The origin of the letter "A"
My son is learning how to write the letter A. His own teacher learnt how to write it around thirty years ago. His teacher’s teacher learnt the same letter decades before. This chain goes back millennia. What is the origin of this famous shape?
Our Latin “A” came from the Greek “A”, with little change, at least in the uppercase version. In between, “A” probably passed through the Etruscan script. People copied other people, not exactly knowing they were creating new scripts: letters were (and still are) useful tools.
But whom did Greeks copy? They copied the first letter of the Phoenician script, called “aleph”, which represented a consonantal sound to which Greeks had no use. In Greek, it was used to represent a vowel. (Phoenician script only represented consonants.)
The Phoenician letter was probably a simplification of a drawing of an ox that may have come from an Egyptian hieroglyph.
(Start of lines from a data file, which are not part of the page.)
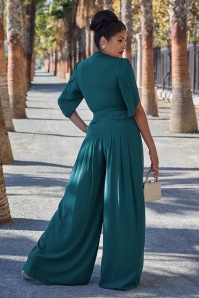 Miss Candyfloss - Mayssa Elia jumpsuit in pauwblauw  2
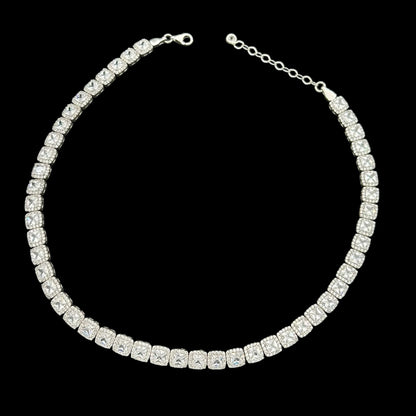 Colier Tennis Diamond Argint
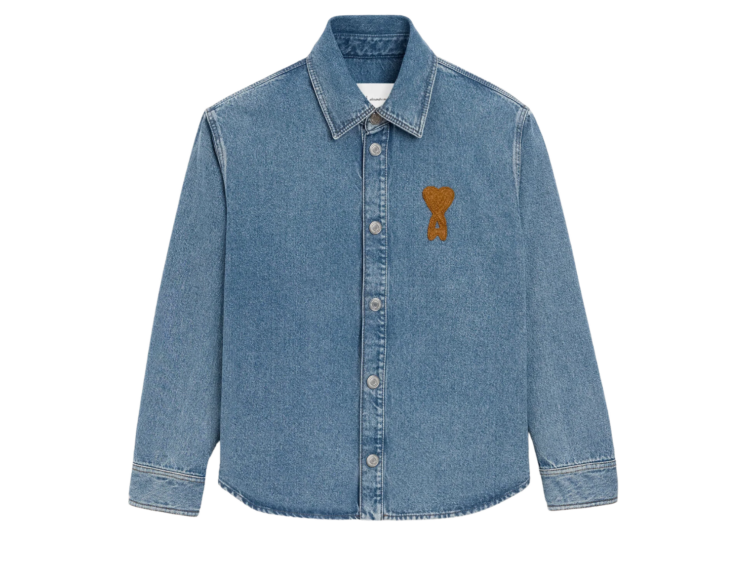 ami paris ami de coeur overshirt blue 1 1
Even today, if we turn our letter upside down, we can easily imagine horns.
So, my son, learning to write the letter “A”, is keeping up a tradition that goes back to Phoenicians and, quite probably, to Egyptian hieroglyphs — and we do the same when we press A in our keyboards.
If you’re interested in the history of writing, you may start by reading The Story of Writing: Alphabets, Hieroglyphs and Pictograms, by Andrew Robinson.